[Start of section]

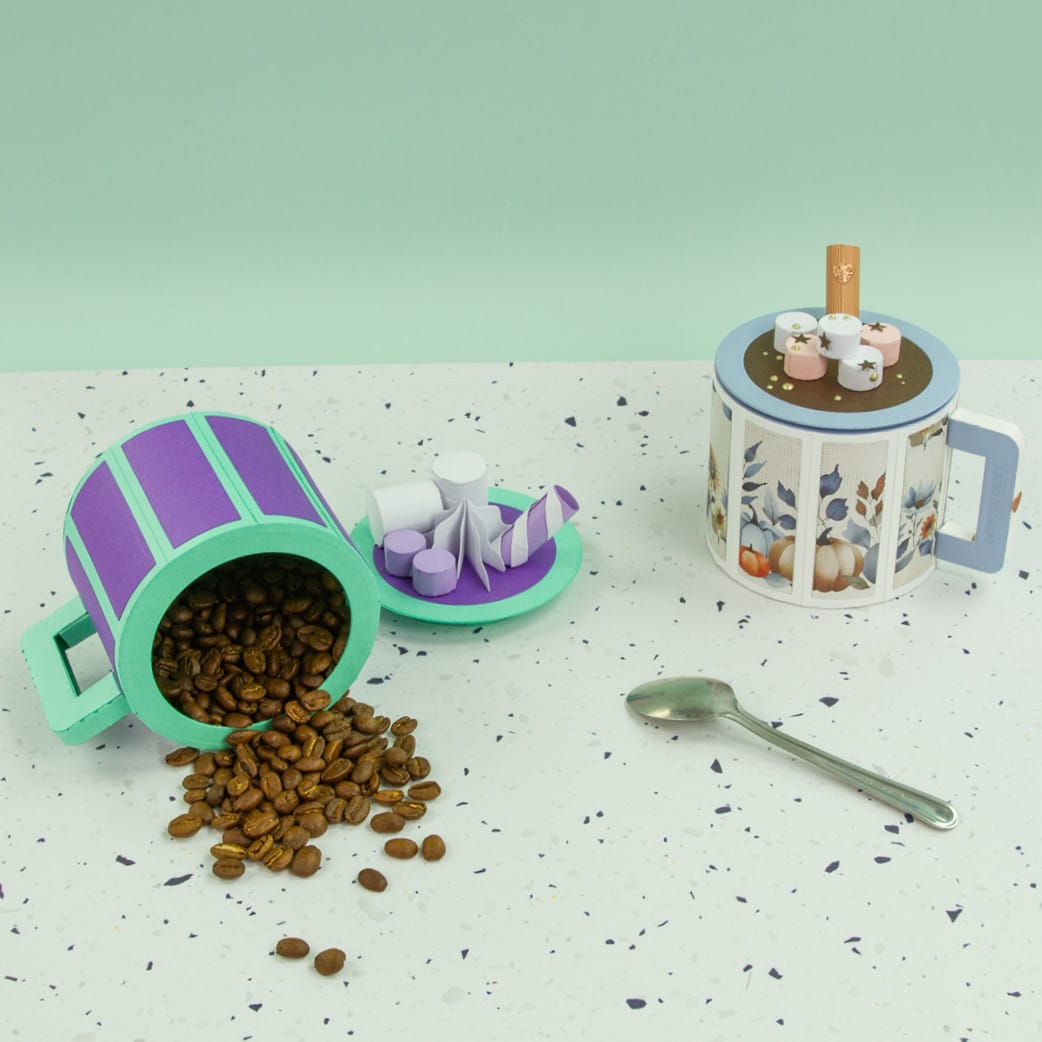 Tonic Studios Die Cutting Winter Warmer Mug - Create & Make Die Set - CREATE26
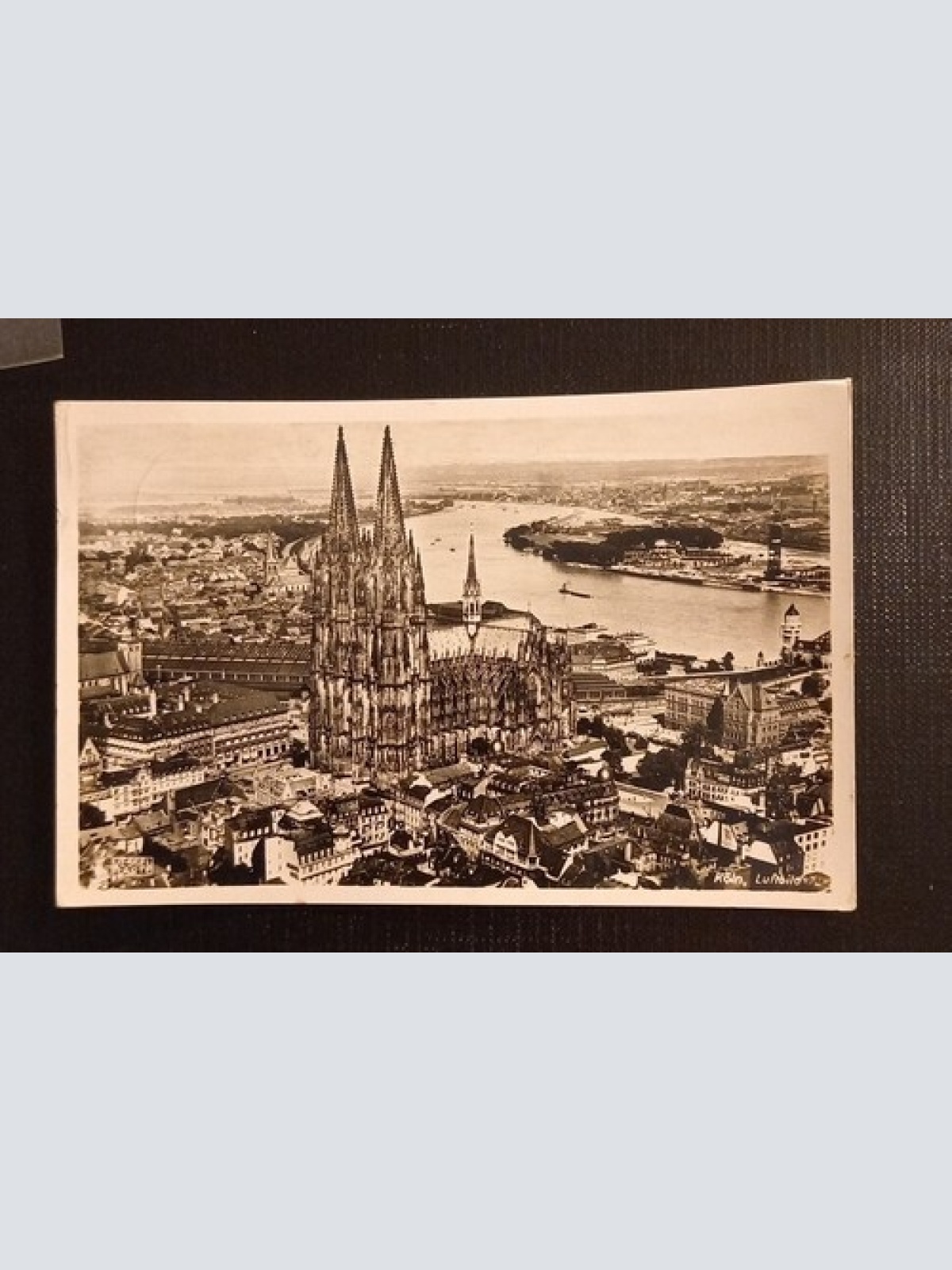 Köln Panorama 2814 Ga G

[End of section]
[Start of section]

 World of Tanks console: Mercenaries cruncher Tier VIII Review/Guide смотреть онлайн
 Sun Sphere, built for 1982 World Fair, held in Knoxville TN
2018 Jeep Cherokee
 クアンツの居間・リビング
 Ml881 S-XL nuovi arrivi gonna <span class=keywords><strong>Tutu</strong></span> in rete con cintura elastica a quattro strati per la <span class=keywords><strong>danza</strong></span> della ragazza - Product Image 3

[End of section]

■ What you should do:
Copy word for word the stretch of entries above from the line that has "Sun Sphere, built" through the line that has "Ml881 S-XL nuovi", both ends included, and nothing outside it.

■ Output of the task:
 Sun Sphere, built for 1982 World Fair, held in Knoxville TN
2018 Jeep Cherokee
 クアンツの居間・リビング
 Ml881 S-XL nuovi arrivi gonna <span class=keywords><strong>Tutu</strong></span> in rete con cintura elastica a quattro strati per la <span class=keywords><strong>danza</strong></span> della ragazza - Product Image 3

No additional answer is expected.